Recorded data:
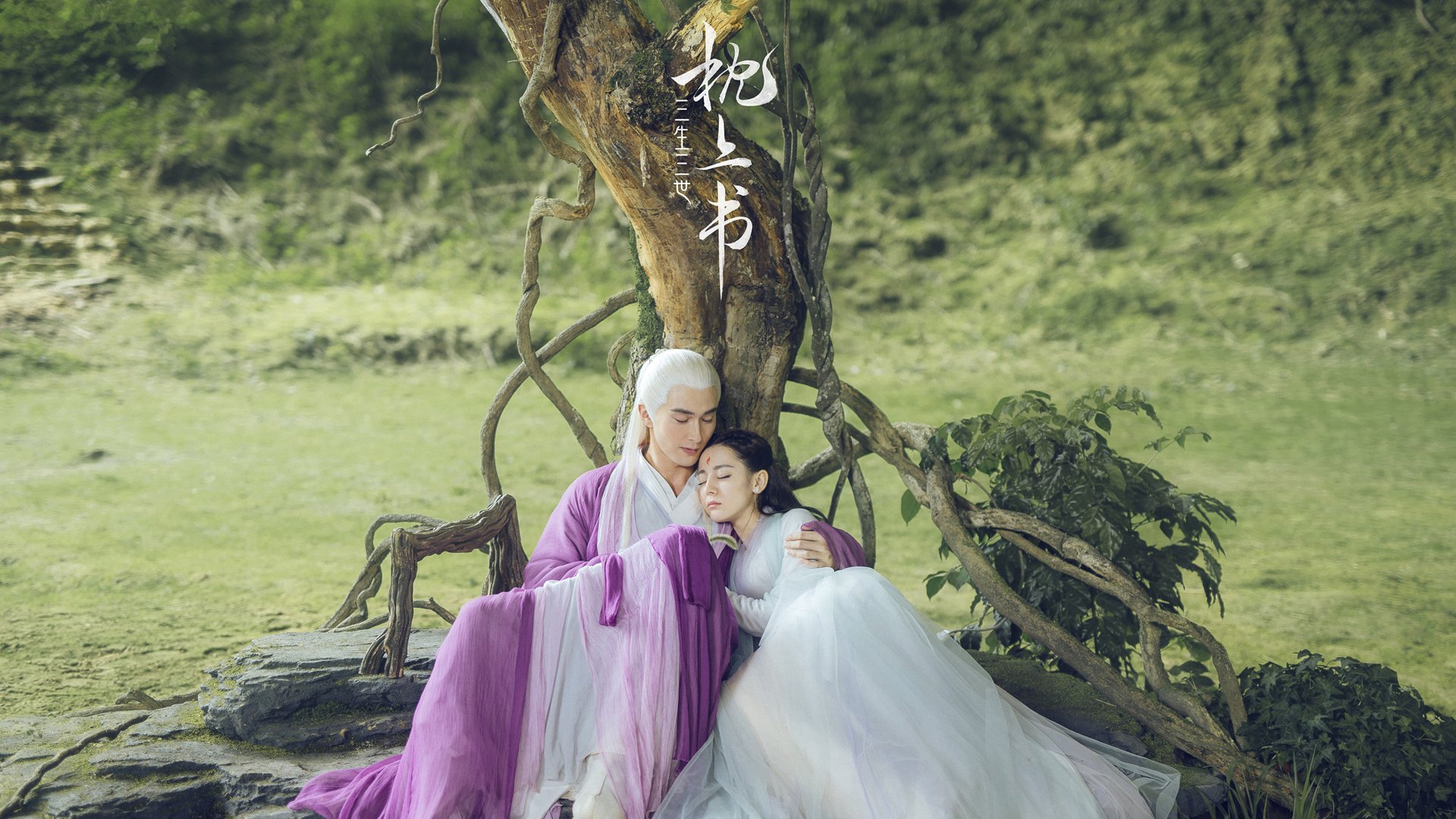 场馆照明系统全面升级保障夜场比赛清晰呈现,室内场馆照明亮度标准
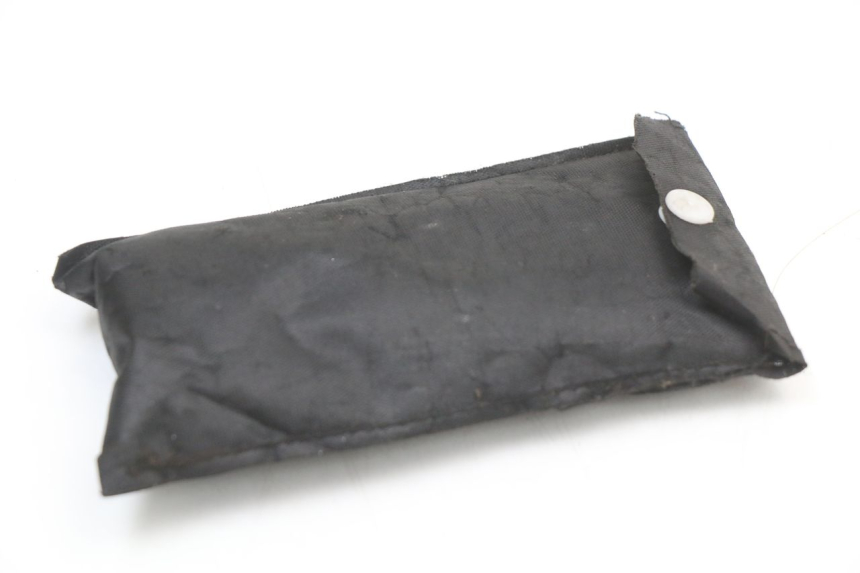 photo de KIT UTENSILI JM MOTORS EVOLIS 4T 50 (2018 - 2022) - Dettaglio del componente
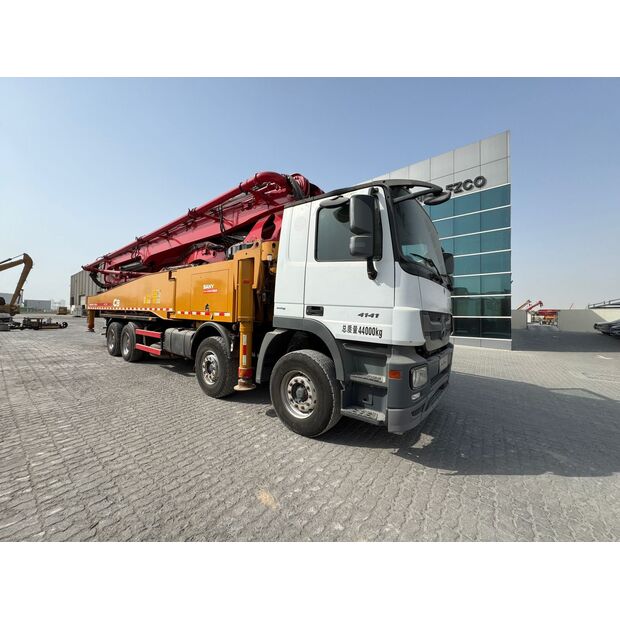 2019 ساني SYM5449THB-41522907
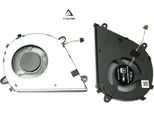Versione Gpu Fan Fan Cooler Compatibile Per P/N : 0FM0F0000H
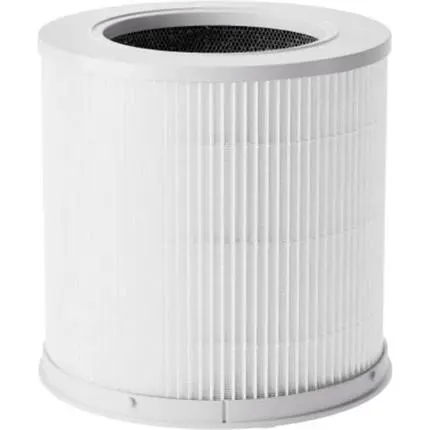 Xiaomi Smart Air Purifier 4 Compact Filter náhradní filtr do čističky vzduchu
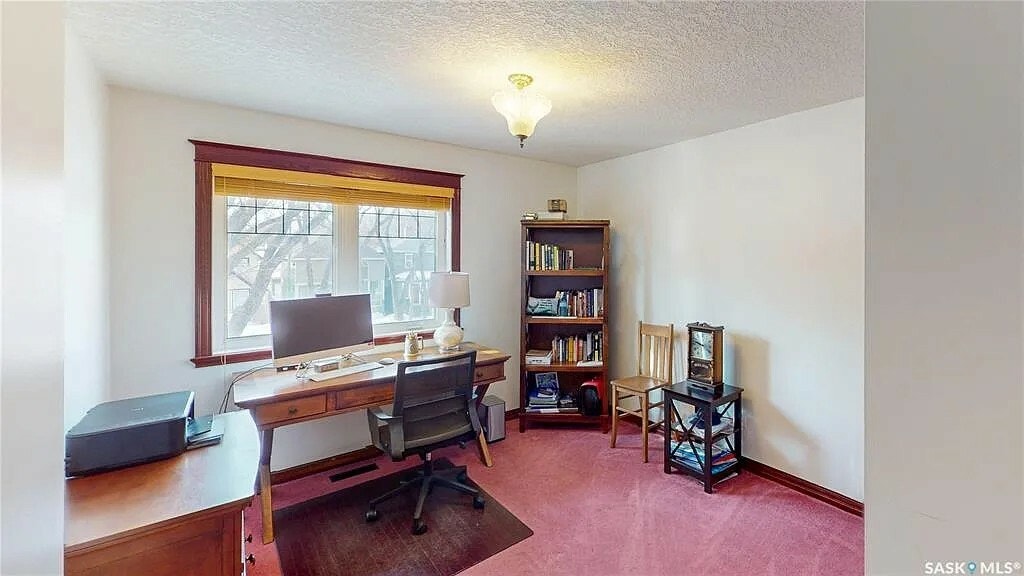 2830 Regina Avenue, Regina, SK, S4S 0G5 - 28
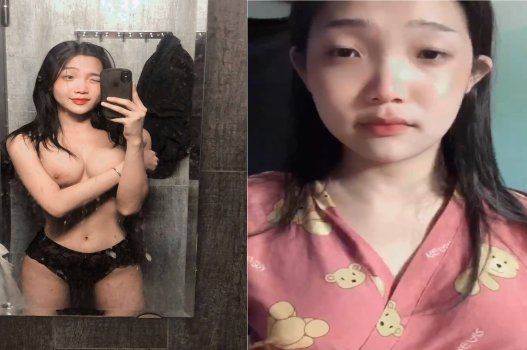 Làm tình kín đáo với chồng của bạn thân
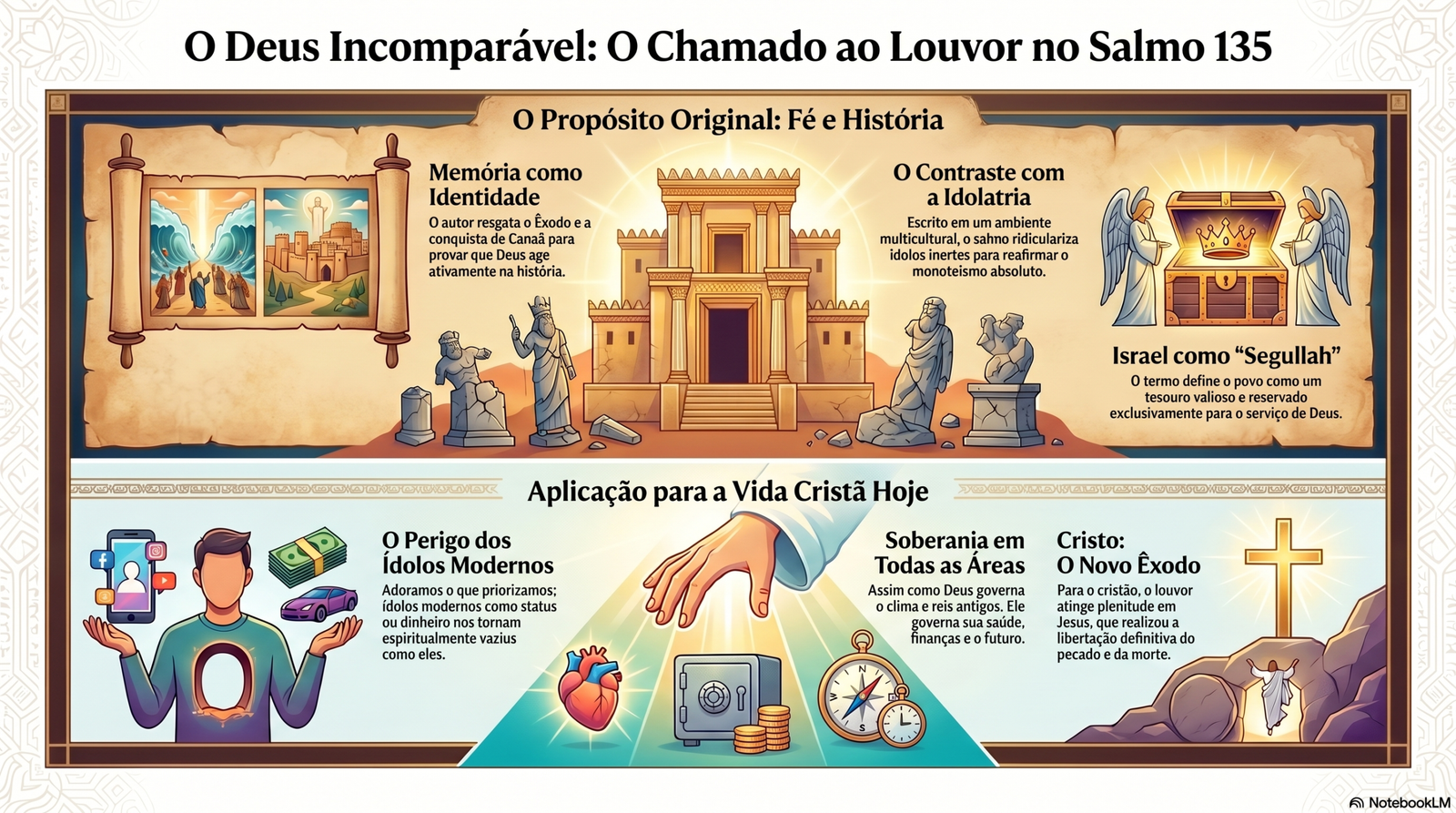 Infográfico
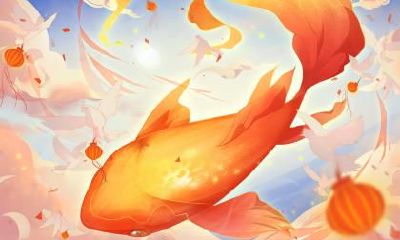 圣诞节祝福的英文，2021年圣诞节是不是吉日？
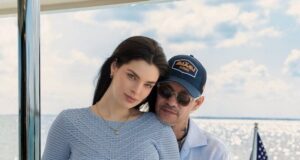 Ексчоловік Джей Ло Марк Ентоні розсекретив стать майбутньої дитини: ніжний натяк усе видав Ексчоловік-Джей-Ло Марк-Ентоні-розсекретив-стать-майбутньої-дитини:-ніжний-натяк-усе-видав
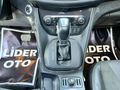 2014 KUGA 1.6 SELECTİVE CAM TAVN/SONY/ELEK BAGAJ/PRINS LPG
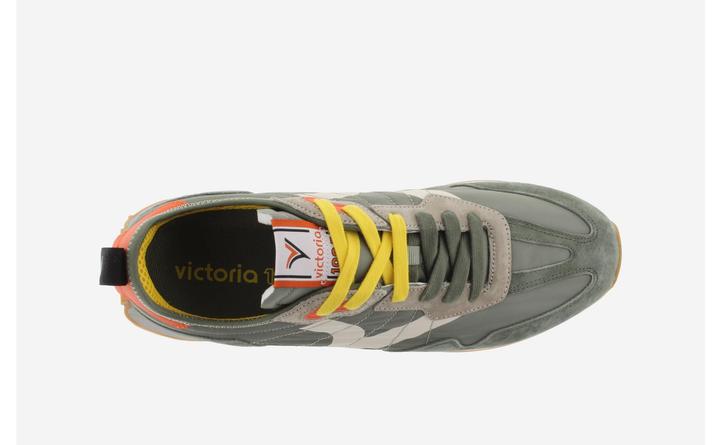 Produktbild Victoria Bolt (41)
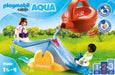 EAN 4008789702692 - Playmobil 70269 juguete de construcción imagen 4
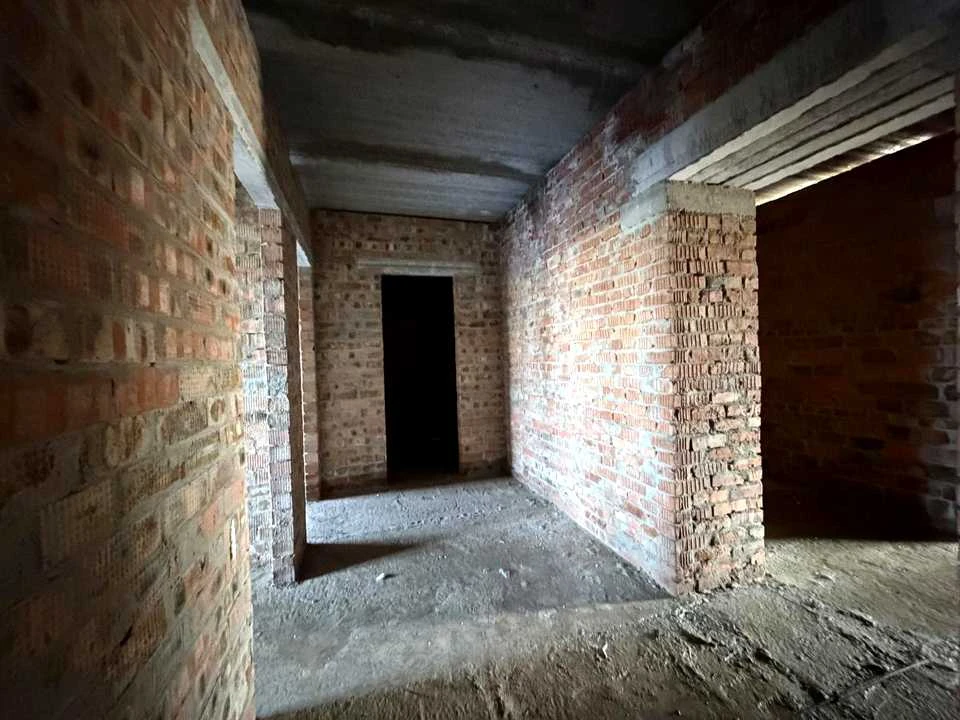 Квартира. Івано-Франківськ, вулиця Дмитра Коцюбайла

Task instructions: Print, please, exactly the lines from the one holding "2830 Regina Avenue, Regina, SK, S4S 0G5 - 28" through the final line of the data, both included, while leaving out each picture.

The answer:
 2830 Regina Avenue, Regina, SK, S4S 0G5 - 28
 Làm tình kín đáo với chồng của bạn thân
 Infográfico
 圣诞节祝福的英文，2021年圣诞节是不是吉日？
 Ексчоловік Джей Ло Марк Ентоні розсекретив стать майбутньої дитини: ніжний натяк усе видав Ексчоловік-Джей-Ло Марк-Ентоні-розсекретив-стать-майбутньої-дитини:-ніжний-натяк-усе-видав
 2014 KUGA 1.6 SELECTİVE CAM TAVN/SONY/ELEK BAGAJ/PRINS LPG
 Produktbild Victoria Bolt (41)
 EAN 4008789702692 - Playmobil 70269 juguete de construcción imagen 4
 Квартира. Івано-Франківськ, вулиця Дмитра Коцюбайла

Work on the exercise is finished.